ABOUT THIS EXERCISE: Every line in the listing below from the one with "E64N LCI Door Weatherstrip Strip Seal Gasket Right O/S Grey to" through the one with "905 1185 QUAYSIDE DRIVE" is to be reproduced exactly, both ends included; leave out the rest.

THE DATA:
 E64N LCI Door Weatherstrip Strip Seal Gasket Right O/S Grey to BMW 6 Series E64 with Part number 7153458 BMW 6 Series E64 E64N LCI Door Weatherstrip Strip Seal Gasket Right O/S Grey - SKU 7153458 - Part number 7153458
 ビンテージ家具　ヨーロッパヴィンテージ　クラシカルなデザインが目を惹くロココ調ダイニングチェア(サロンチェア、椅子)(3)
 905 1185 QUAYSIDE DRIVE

--

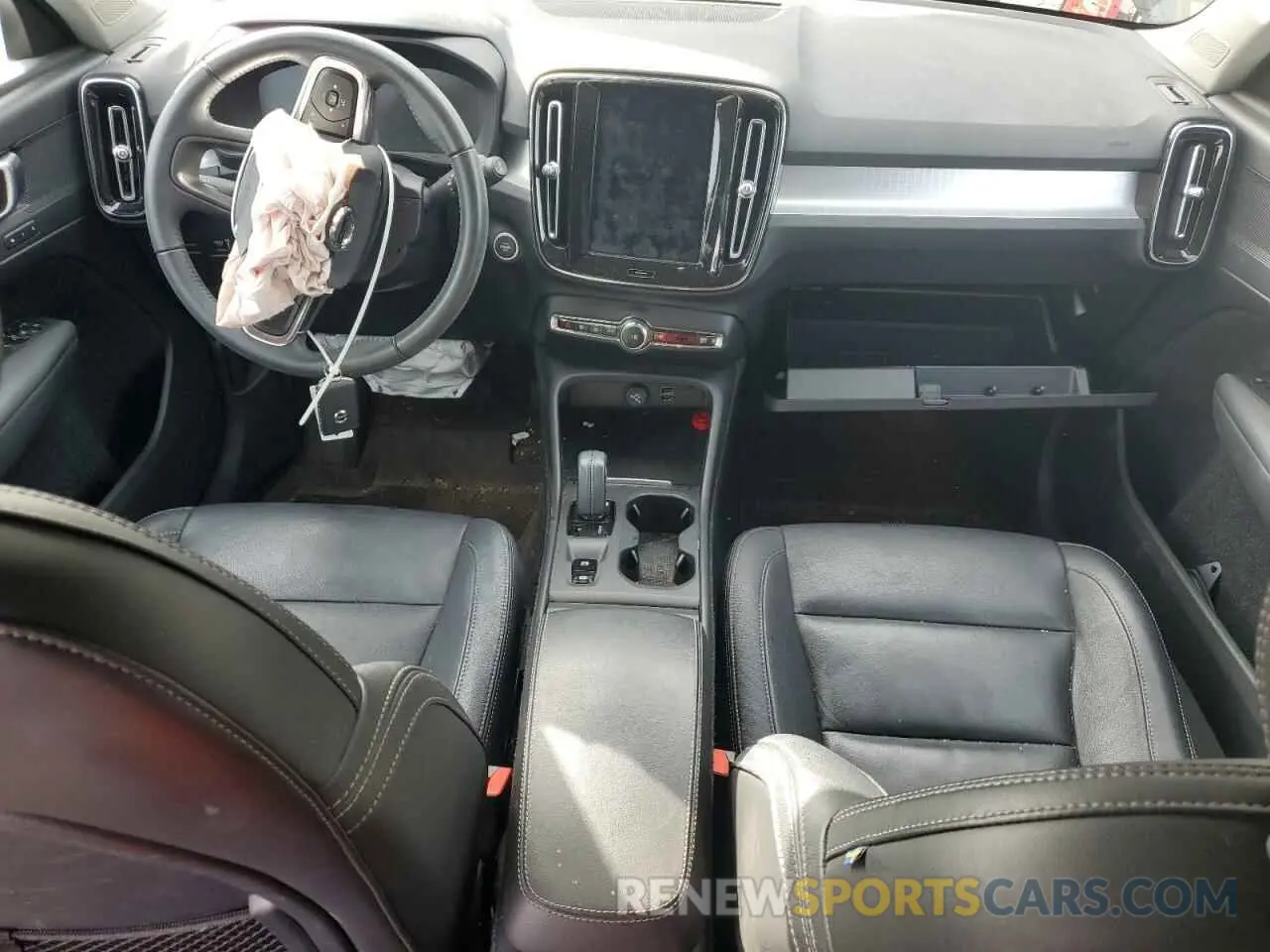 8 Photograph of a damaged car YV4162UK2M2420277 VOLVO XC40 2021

EXERCISE ANSWER:
 E64N LCI Door Weatherstrip Strip Seal Gasket Right O/S Grey to BMW 6 Series E64 with Part number 7153458 BMW 6 Series E64 E64N LCI Door Weatherstrip Strip Seal Gasket Right O/S Grey - SKU 7153458 - Part number 7153458
 ビンテージ家具　ヨーロッパヴィンテージ　クラシカルなデザインが目を惹くロココ調ダイニングチェア(サロンチェア、椅子)(3)
 905 1185 QUAYSIDE DRIVE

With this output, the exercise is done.